RPC PS Benchmark
How to add your experiment
- Data
- Create a data class and add it to the data directory
- Update benchmark_class_helper.py to include your data class in the data_map
- Add configurations to data_configurations.json in the configurations directory
- Model
- Create a model class and add it to the model directory
- Update benchmark_class_helper.py to include your model class in the model_map
- Add configurations to model_configurations.json in the configurations directory
- Trainer
- Create a trainer class and add it to the trainer directory
- Update benchmark_class_helper.py to include your trainer class in the trainer_map
- Add configurations to trainer_configurations.json in the configurations directory
- Parameter Server
- Create a parameter server class and add it to the parameter_servers directory
- Update benchmark_class_helper.py to include your parameter_server class in the ps_map
- Add configurations to parameter_server_configurations.json in the configurations directory
- Script
- Create a bash script for your experiment and add it to the experiment_scripts directory
- Testing
- Add a test method for your script to test_scripts.py
Trainer class
The trainer directory contains base classes to provide a starting point for implementing a trainer. Inherit from a base class and implement your trainer. The benchmark has two requirements for trainers.

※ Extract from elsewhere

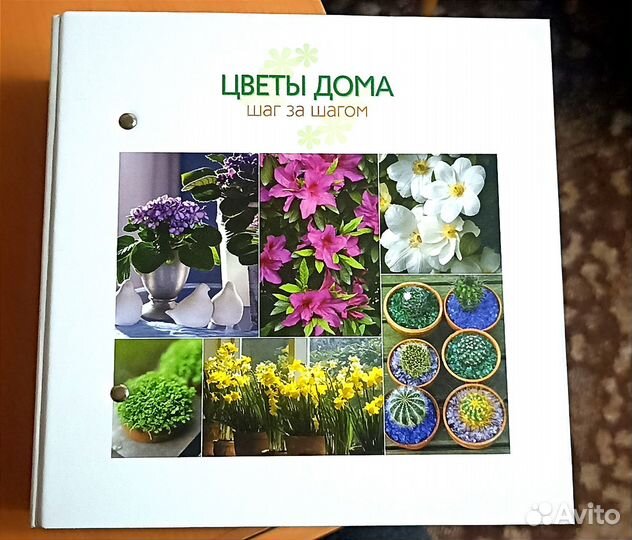 Энциклопедия комнатных растений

It must implement a init method that takes rank, trainer_count, and ps_rref as arguments
def __init__(self, rank, trainer_count, ps_rref, backend, use_cuda_rpc):
It must implement a train method that takes model and data as arguments.

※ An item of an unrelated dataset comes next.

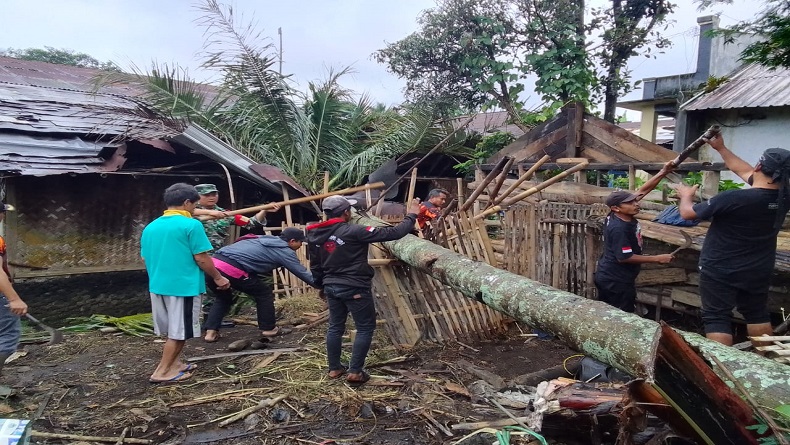 Pohon Kelapa Tumbang Timpa Rumah Warga di Pemalang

def train(self, model, data):
Parameter Server class
The parameter_server directory contains base classes to provide a starting point for implementing a parameter server. Inherit from a base class and implement your parameter server. The benchmark has two requirements for parameter servers.
It must implement a init method that takes rank and ps_trainer_count as arguments
def __init__(self, rank, ps_trainer_count, backend, use_cuda_rpc):
It must implement a reset_state method
def reset_state(ps_rref):
Testing
Use pytest
to run the test methods added to test_scripts.py. To test all the scripts added use pytest test_scripts.py
.